Split the guts of xfs_itruncate_finish that loop over the existing extents
and calls xfs_bunmapi on them into a new helper, xfs_itruncate_externs.
Make xfs_attr_inactive call it directly instead of xfs_itruncate_finish,
which allows to simplify the latter a lot, by only letting it deal with
the data fork.  As a result xfs_itruncate_finish is renamed to
xfs_itruncate_data to make its use case more obvious.
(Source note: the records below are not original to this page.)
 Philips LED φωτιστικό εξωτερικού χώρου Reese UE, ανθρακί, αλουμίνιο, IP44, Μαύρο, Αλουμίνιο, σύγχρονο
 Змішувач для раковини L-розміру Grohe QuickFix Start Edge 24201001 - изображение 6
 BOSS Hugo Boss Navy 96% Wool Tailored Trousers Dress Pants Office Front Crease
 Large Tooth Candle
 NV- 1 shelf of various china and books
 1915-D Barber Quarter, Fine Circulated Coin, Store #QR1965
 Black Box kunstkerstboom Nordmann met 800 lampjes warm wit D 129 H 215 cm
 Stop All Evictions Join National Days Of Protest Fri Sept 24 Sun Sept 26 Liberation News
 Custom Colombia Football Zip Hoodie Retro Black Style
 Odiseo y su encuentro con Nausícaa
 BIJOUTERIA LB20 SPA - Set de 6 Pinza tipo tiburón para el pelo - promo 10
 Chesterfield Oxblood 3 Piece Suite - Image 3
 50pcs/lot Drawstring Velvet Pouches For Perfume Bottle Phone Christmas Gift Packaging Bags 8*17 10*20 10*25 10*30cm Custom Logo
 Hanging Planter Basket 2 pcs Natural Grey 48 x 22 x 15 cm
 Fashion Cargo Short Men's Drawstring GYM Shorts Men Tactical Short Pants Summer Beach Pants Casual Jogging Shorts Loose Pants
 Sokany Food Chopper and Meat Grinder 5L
Also remove the sync parameter from xfs_itruncate_data, which has been
unessecary since the introduction of the busy extent list in 2002, and
completely dead code since 2003 when the XFS_BMAPI_ASYNC parameter was
made a no-op.

I can't actually see why the xfs_attr_inactive needs to set the transaction
sync, but let's keep this patch simple and without changes in behaviour.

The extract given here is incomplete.